Magistrado ResponsávelPINTO HESPANHOL
Data da Resolução13 de Outubro de 2010
EmissorSupremo Tribunal de Justiça (Portugal)

S Privacidade: 1 Sumário : 1. A expressão «despesas extraordinárias comprovadamente feitas pelo empregador na formação profissional do trabalhador» trata-se, por contraposição às despesas correntes em matéria de formação profissional (artigos 120.º, n.º 1, alínea d), e 123.º a 126.º e 137.º do Código do Trabalho de 2003), de despesas feitas pelo empregador num tipo de formação que exceda a genérica formação profissional.

  1. Não se vislumbram fundamentos que permitam afirmar que o legislador, através da norma do n.º 1 do artigo 137.º do Código do Trabalho, aprovado pela Lei n.º 7/2009, de 12 de Fevereiro, tenha visado uma interpretação autêntica, isto é, retroactiva, da norma do n.º 1 do artigo 147.º do Código do Trabalho de 2003.

  2. A formação profissional ministrada a um trabalhador, que o habilitou a operar os aviões AIRBUS A310-300 e A300-600, deve ter-se por despesa extraordinária comprovadamente feita pelo empregador na formação profissional.

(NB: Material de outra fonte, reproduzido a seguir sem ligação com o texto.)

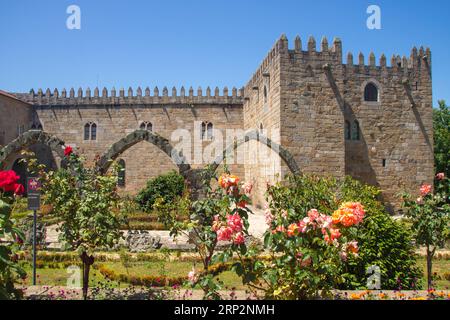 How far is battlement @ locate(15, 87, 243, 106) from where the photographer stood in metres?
22.5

  3. A fixação prévia, por acordo das partes, da indemnização devida em caso de incumprimento contratual é o que a lei denomina cláusula penal, prevista no n.º 1 do artigo 810.º do Código Civil, normativo cuja aplicação ao caso não é afastada pelo disposto nos artigos 4.º, n.º 3, e 147.º, n.º 1, Código do Trabalho de 2003.

  4. A tese, segundo a qual o disposto no n.º 1 do artigo 147.º do Código do Trabalho de 2003 afasta a aplicação ao caso da redução estipulada no artigo 812.º, n.º 2, do Código Civil não tem o mínimo de correspondência na letra da lei.

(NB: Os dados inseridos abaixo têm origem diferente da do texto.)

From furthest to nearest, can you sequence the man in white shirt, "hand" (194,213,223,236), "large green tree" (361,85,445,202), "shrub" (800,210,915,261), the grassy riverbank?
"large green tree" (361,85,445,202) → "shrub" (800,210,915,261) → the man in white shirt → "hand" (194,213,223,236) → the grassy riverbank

    Decisão Texto Integral: Acordam na Secção Social do Supremo Tribunal de Justiça: I 1.

    Em 8 de Abril de 2008, no Tribunal do Trabalho de Santarém, W... – AIRWAYS, S. A., intentou acção declarativa, com processo comum, emergente de contrato individual de trabalho contra AA, pedindo a condenação do réu a pagar-lhe a quantia de € 40.000, acrescida de juros vencidos e vincendos, à taxa legal, desde a interpelação até integral pagamento, e a restituir-lhe € 675, que lhe foram entregues, a título de fundo de maneio, bem como o material e o equipamento de utilização profissional, requerendo, ainda, a compensação entre esses valores e o débito de € 3.024,98, que assume ter para com o réu, a título de créditos emergentes do contrato e da sua cessação.

    Alegou, em resumo, que firmou um contrato de trabalho com o réu, em cujo âmbito celebrou um acordo de formação profissional, mediante o qual suportaria as despesas de formação para o habilitar a pilotar aviões Airbus A310-300 e A310-600, tendo o réu assumido a obrigação de permanecer ao seu serviço por um mínimo de três anos, após o voo de largada, sob pena de a ressarcir dos custos da formação, a forfait calculados em € 40.000, sendo que, entretanto, o réu denunciou o contrato, com efeitos a partir de 13 de Maio de 2007, não cumprindo aquele período mínimo.

    Mais aduziu que, interpelado para pagar a indemnização acordada pelo não cumprimento da obrigação de permanência, o réu nada pagou, e também não entregou algum material e equipamento cedidos para o exercício das suas funções, bem como a quantia que lhe havia adiantado, a título de fundo de maneio.

    O réu contestou, excepcionando a ilegitimidade da autora, por não estar demonstrada a liquidação à empresa que ministrou a formação profissional em causa do custo do contrato que sustenta o pedido, e alegando, em sede de impugnação, ter sido coagido a assinar o contrato de permanência, após o início da formação, e ter sido a autora quem fixou o montante da cláusula penal envolvida, pelo que aquele contrato é anulável, nos termos do artigo 282.º do Código Civil, acrescentando que o contrato a termo que vigorava entre as partes tinha uma duração inferior ao período de permanência obrigatória do trabalhador.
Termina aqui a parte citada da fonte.